Final Fantasy X-2 is the first breath of fresh air that the series has had in the last six or seven years and that, my friends, is a good thing. It isn't like FFX-2 just throws tradition out of the window, though. Sure, it is the first direct sequel we have seen, but just like every other entry into the series, FFX-2 introduces a new battle system along with a new way to assign abilities to your characters. The characters and world are the same, but the gameplay is slightly different. We also get a new story but we get to hang out with characters we already love instead of meeting a new cast, which is perfectly fine with me because I loved Final Fantasy X. However, unlike previous games in the series that were designed to be accessible to everyone, FFX-2 was intended for fans of FFX and even though it is a great game on its own, you won't enjoy X-2 nearly as much if you haven't played through X.

The story in Final Fantasy X-2 takes place two years after the events of FFX. Yuna has been living a somewhat normal life in her hometown since the defeat of Sin, but one day Rikku arrives and shows her a video sphere that features someone that they had thought was gone forever. Yuna decides to join Rikku and a mysterious warrior known as Paine and they form a group of sphere hunters known as the Gullwings. They travel around Spira looking for valuable spheres and also to try and find out the truth about the figure that Yuna saw in the sphere. The tone of the game is much more lighthearted than previous entries in the series, but eventually the quest to find a lost friend turns into a much larger adventure that once again requires you to save the world of Spira.

One of the most interesting things about Final Fantasy X-2 is that it begins with you in control of an airship and you have the freedom to go wherever you want from the very start of the game.
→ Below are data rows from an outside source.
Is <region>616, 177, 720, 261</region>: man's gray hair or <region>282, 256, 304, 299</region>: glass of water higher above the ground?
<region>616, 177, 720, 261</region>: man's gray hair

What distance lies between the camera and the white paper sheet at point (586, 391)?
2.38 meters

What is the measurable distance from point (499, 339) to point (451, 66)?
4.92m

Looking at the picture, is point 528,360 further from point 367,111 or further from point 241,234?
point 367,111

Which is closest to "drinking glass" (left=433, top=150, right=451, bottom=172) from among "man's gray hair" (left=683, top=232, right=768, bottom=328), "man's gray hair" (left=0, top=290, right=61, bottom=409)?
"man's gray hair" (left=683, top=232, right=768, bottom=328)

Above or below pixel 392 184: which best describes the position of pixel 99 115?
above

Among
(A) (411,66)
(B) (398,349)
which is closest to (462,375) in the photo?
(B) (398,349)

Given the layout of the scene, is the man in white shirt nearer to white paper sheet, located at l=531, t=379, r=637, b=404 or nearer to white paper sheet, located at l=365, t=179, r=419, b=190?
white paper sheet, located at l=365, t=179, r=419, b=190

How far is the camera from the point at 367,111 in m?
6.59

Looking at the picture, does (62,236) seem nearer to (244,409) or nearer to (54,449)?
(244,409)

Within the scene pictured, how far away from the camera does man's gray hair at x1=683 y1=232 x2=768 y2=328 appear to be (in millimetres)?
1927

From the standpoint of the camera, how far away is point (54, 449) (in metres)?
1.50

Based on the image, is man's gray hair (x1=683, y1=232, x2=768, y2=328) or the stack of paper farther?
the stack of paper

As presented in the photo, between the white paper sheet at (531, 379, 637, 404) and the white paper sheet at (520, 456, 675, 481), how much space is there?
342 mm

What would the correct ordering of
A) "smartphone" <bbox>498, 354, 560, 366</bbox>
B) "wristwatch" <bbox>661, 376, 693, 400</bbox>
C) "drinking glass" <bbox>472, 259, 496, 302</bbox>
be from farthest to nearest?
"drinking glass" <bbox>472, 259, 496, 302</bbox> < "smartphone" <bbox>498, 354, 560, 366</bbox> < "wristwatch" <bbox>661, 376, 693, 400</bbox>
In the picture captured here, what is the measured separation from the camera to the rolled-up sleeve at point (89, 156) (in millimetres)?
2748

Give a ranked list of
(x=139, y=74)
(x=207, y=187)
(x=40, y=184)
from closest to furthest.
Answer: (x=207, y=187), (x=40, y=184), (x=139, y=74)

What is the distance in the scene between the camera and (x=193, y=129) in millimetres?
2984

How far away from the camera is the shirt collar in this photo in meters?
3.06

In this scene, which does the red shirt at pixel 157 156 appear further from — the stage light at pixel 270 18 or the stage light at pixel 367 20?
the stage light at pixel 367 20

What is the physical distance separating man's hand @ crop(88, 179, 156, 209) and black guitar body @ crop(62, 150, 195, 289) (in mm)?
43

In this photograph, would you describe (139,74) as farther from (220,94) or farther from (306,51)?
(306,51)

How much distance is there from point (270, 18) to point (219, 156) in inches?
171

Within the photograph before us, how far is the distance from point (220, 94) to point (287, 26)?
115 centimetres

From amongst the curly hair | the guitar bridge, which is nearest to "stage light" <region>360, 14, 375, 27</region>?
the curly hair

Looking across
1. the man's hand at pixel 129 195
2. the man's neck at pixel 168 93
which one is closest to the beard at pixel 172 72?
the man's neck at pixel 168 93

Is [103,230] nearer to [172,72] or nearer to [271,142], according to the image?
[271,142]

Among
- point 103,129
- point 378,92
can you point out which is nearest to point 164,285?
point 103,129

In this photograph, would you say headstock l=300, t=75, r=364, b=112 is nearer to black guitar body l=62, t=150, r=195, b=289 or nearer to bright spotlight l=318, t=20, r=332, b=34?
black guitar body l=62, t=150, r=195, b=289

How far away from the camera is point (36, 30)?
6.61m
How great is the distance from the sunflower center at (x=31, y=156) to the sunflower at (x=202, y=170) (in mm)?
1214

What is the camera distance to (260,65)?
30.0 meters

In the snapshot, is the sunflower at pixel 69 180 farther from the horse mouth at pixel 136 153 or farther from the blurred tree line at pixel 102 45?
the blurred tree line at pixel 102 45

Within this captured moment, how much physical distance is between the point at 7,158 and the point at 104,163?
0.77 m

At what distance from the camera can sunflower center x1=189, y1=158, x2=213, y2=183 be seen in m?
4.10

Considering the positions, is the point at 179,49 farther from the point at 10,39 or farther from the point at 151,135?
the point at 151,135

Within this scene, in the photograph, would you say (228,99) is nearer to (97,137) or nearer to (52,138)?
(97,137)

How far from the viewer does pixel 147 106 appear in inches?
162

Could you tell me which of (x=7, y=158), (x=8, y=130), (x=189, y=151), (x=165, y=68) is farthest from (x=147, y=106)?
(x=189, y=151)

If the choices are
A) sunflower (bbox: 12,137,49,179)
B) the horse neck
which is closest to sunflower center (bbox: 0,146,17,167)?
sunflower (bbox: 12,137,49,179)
This is the exact opposite of the way many of the games in this series have played out, and is a rather refreshing change. The game has also morphed into a mission-based format and it is also broken into five chapters. There are important missions marked on the map as hotspots that move the story forward, and while you can actually move through the game very quickly by beating only the hotspot missions, you will miss out on a lot of story details and items. In order to get the complete story and give your characters proper leveling up, you will have to visit each area on the map at least once in each of the five chapters. You'll make a fair bit of progress from a storyline perspective no matter where you go in the game, so it is nice to be able to control the pace of how you are taking everything in. The game can be beaten in 15-20 hours if you only focus on hotspot missions, but for gamers who like to take their time and figure everything out the game clocks in at a more standard length of about 35 hours.
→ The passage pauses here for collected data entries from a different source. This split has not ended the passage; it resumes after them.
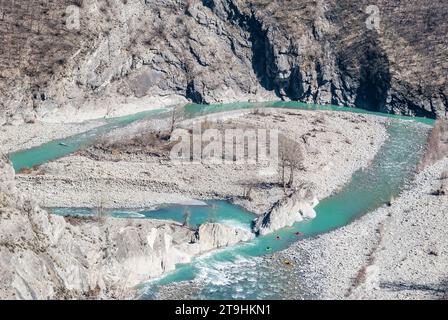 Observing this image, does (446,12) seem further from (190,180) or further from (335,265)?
(335,265)

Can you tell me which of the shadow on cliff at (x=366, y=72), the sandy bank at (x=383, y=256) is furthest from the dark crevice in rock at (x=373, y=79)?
the sandy bank at (x=383, y=256)

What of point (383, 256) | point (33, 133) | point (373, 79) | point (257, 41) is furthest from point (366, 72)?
point (383, 256)

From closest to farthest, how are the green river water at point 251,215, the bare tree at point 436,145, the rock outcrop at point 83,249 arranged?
the rock outcrop at point 83,249, the green river water at point 251,215, the bare tree at point 436,145

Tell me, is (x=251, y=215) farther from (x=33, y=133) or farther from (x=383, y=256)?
(x=33, y=133)

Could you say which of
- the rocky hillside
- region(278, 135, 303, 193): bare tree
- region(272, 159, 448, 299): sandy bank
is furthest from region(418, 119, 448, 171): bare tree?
region(272, 159, 448, 299): sandy bank

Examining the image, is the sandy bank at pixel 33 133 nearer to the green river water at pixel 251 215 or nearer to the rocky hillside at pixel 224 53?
the green river water at pixel 251 215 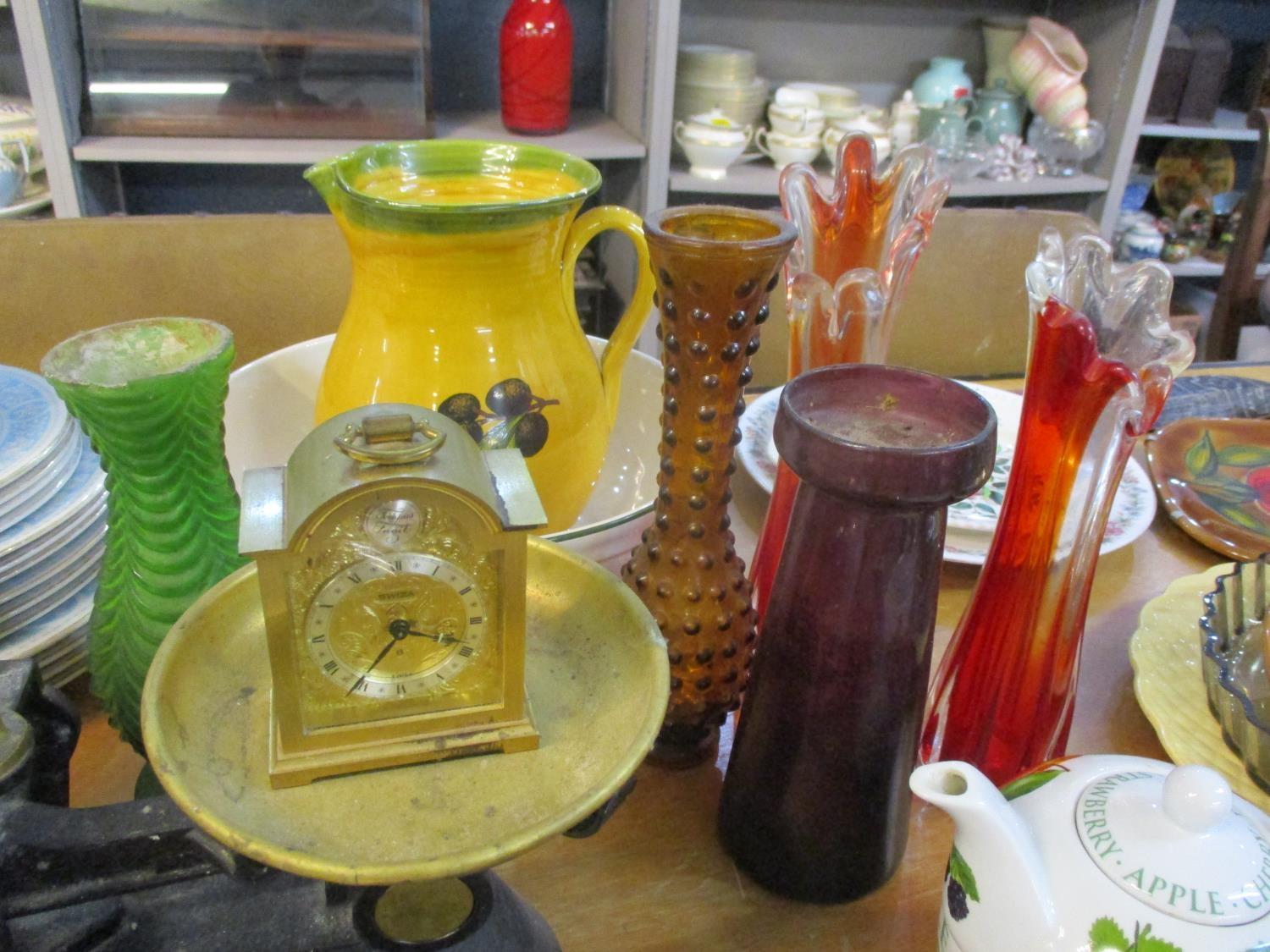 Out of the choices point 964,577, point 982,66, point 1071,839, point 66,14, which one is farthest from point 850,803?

The missions in the game range from standard dungeon crawls to defeating all of the enemies in an area in a certain amount of time to more lighthearted missions like wandering around outside of a concert in a Moogle costume while the other members of your team investigate what is going on inside. The mission variety helps the game feel light and fun and it never feels like you are slogging through battle after battle just so you can see the ending. You are experiencing everything the world of Spira has to offer while still learning all you can about the story, and that really is an entertaining way to progress through an RPG. Many of the side missions are made up of minigames, and not all of them are fun, but the rewards are usually worth the annoyance of putting up with a card game or doing something silly like handing out balloons to little kids. Also, it is sometimes a little difficult to figure out exactly what you are supposed to be doing in some of the side missions because you aren't being pushed towards the next big cinema sequence or battle like you are in the hotspot missions. The good parts about the mission-based gameplay outweigh the bad, though, and it is definitely a nice change of pace from standard RPGs.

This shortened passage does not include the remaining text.